Jakarta, Aktual.com — Protection of Forest and Fauna (ProFauna) mengemukakan selama Januari hingga Oktober 2015, ada 370 kasus perburuan satwa dilindungi di kawasan konservasi dan hutan lindung di Jawa Timur.

Sejumlah taman konservasi yang menjadi “surga” bagi perburuan liar terhadap satwa dilindungi itu adalah di Taman Nasional Meru Betiri (TNMB), Tahura M Suryo, Cagar Alam Sempu, kawasan Malang Selatan, Suaka Margasatwa Dataran Tinggi Hyang dan Taman Nasional Bromo, Tengger, Semeru (TNBTS).

Direktur Profauna Indonesia Rosek Nursahid, di Malang, Jumat (11/12), mengatakan perburuan satwa liar paling banyak terjadi di Tahura M Suryo dan TNMB.

“Satwa yang diburu adalah kelompok burung, lutung, musang, monyet, babi hutan, dan kucing hutan,” kata Rosek.

Barang bukti atas kasus terjadinya perburuan satwa liar secara ilegal tersebut telah diserahkan ke TNBTS di Malang. Barang bukti itu berupa jaring burung berukuran panjang 10 meter dan lebar 4 meter yang ditemukan di kawasan Bantengan, perbatasan antara Malang-Lumajang.

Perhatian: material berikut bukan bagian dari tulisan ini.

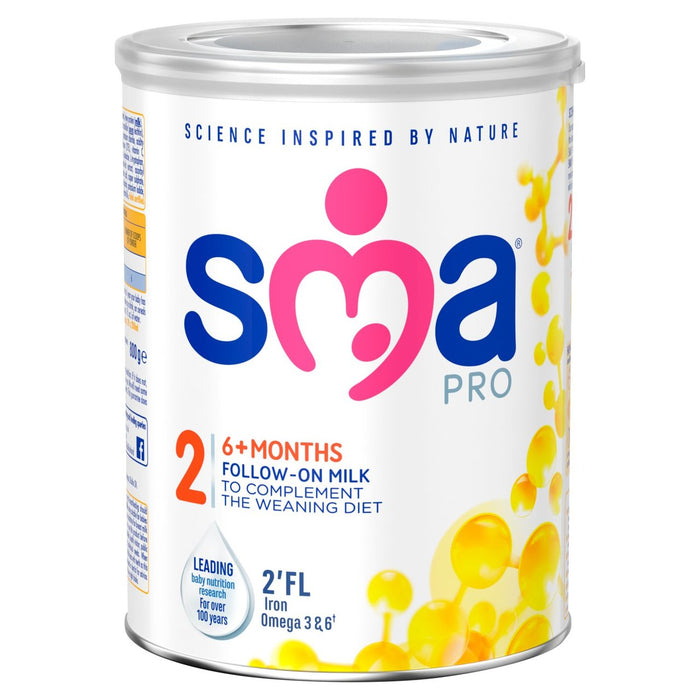 SMA Pro de seguimiento de leche 6mth+ 800g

Jaring itu dipakai untuk menjerat burung oleh warga yang diduga berasal dari Kabupaten Lumajang.

Selain itu, ProFauna juga menyerahkan foto-foto aktivitas perburuan liar tersebut.

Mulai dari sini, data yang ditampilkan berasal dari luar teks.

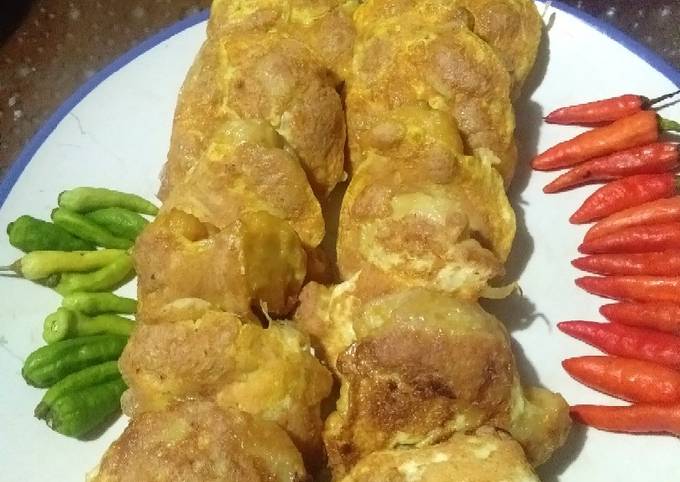 Resep Pentol Tahu Telor Oleh Elva Muchtar Cookpad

“Dalam sehari mulai jam 2 siang hingg 4 sore mereka mendapatkan 10 ekor burung berbagai jenis. Kalau sepekan dua kali saja, dalam sebulan mereka bisa dapat ratusan ekor. Karena menjaring di kawasan konservasi, tentu burung di area itu dilindungi, apalagi kawasan TNBTS juga menjadi area Elang Jawa,” kata Rosek.

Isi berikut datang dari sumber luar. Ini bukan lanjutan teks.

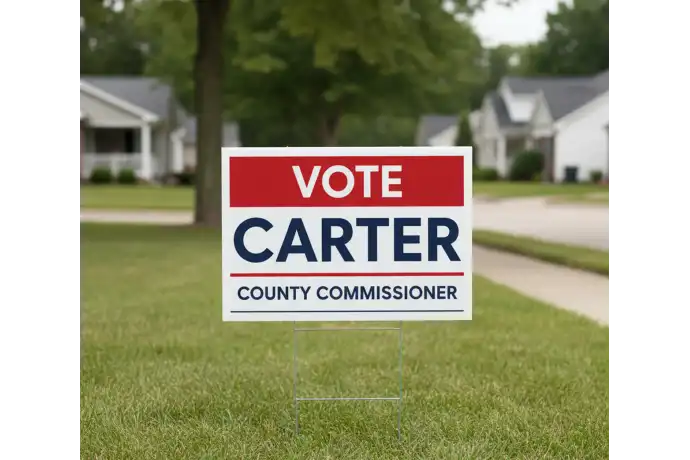 Cheap Political Yard Signs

Burung yang habitatnya di dalam hutan tersebut menandakan kawasan konservasi masih bagus. Namun jika habitat mereka diburu dan jumlahnya berkurang, maka ekosistem akan terganggu dan terdegradasi.

“Ketika ekosistem terganggu, jangan salahkan ketika macan turun gunung untuk meminta makan kepada warga. Itu terjadi karena ekosistem terganggu, sehingga rantai makanan satwa terganggu,” tegasnya.

Ia mengatakan pemburu lebih banyak berburu burung, monyet, lutung, kucing hutan, musang dan babi hutan karena nilai ekonomisnya tingggi. Hewan-hewan itu mudah dijual, dan pangsa pasarnya juga ada.

Rosek mencontohkan perdagangan satwa secara “online”. Penjualan satwa liar secara online didominasi oleh lutung, elang, kucing hutan, dan burung hantu. Sebab, ada pencintanya sehingga penjualan lebih mudah dan ProFauna akan terus melakukan pemantauan terhadap perdagangan satwa liar secara online tersebut.